- 0 0
In the context of the recent controversy surrounding one of the reporting sources for the various Coronavirus Positive tests having been miss-counting data due to truncation in Excel.
What's not mentioned in the news stories , or poorly understood is what went wrong and why.
It's nothing to do with databases, more a lack of trainging and/or using the tools incorrectly.
Their reporting was predicated upon reading the last ( most recent ) row(s) of a 'csv' file ( A large text file, with data/variables in rows, separated by a comma. )

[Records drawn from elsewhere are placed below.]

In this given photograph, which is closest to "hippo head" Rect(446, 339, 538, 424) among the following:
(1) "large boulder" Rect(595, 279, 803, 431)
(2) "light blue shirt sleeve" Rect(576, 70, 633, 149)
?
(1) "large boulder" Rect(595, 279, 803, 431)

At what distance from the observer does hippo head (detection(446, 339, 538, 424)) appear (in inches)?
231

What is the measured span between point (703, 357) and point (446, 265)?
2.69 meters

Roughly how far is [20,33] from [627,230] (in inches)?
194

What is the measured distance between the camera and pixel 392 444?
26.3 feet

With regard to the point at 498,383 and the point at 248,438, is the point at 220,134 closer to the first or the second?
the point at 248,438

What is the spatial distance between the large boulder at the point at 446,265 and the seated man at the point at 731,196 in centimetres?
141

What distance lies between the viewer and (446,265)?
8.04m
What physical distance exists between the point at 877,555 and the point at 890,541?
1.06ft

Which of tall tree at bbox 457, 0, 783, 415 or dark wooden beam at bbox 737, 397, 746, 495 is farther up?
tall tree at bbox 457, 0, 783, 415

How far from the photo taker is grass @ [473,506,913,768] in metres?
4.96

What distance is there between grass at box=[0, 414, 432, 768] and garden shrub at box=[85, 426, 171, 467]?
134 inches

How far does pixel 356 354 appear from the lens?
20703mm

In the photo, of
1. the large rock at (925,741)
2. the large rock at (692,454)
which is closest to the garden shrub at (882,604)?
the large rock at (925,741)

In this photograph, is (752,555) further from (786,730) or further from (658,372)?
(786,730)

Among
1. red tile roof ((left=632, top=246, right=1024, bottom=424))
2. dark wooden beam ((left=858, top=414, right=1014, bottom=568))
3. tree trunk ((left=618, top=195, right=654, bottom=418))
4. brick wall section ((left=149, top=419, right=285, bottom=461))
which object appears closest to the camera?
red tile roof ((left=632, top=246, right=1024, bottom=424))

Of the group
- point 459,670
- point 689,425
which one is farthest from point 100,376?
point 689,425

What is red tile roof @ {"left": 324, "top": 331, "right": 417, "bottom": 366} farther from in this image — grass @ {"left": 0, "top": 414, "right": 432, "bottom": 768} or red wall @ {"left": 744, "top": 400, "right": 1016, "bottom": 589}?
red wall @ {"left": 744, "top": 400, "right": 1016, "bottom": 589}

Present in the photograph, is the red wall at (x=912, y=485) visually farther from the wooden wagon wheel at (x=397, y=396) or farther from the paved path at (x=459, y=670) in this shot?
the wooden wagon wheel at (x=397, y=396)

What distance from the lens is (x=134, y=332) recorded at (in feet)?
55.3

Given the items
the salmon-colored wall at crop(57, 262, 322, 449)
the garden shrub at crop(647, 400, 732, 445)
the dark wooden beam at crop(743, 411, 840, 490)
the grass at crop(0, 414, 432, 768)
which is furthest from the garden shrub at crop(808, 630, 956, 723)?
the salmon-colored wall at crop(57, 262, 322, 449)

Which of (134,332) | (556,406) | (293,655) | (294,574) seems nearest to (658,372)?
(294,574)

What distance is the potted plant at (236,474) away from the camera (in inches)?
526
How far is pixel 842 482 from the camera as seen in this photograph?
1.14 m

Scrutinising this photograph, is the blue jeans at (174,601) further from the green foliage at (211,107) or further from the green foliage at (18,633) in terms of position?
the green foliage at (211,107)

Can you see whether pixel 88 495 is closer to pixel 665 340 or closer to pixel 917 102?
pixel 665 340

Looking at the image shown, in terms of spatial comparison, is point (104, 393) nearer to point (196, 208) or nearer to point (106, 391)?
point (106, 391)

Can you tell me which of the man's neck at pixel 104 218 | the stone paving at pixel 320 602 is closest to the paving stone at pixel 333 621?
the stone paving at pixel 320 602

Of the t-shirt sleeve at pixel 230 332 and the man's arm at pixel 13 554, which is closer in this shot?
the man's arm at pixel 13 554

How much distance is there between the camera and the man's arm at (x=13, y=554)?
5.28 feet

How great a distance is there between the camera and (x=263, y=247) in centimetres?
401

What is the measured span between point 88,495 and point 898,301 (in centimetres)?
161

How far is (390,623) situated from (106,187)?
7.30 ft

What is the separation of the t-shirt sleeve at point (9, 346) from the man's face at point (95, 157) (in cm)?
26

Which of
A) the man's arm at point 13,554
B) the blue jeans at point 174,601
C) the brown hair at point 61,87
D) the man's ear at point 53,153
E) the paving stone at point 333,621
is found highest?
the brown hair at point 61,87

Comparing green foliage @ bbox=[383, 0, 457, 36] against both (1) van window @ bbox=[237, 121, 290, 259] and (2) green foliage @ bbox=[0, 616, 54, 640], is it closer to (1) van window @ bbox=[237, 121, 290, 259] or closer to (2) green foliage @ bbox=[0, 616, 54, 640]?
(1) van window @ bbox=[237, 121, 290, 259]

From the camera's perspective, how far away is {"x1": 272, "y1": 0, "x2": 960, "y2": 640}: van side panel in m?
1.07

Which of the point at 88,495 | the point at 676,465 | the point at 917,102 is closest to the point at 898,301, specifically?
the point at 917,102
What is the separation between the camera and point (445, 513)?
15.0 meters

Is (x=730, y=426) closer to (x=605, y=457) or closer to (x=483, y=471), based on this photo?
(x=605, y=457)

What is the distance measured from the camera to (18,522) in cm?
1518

This went wrong when they tried using excel to open up the entire file ( as opposed to using an appropriate tool to read just the last row. ).
This could have been achieved reliably by opening in -
Notepad ( yes - the data is just a text file, and depending on the complexity of said data, it could have simply been opened in the default windows text editor ).
SQL Server ( or similar ) - Import the CSV into an actual database, use Select statment with a filter to return only the last/most recent row.
Python - Python can read the CSV into a data-frame ( similar to a database table ) using Pandas - again the data could be filtered to present the last row.
Excel - Instead of trying to open the entire file into excel , and getting truncation ( Excel can only show 1,048,756 rows - so if a file had 1,048,757 rows, you'd never see the last row) , the file should have been opened as a data connection and transformed / filtered with PowerQuery.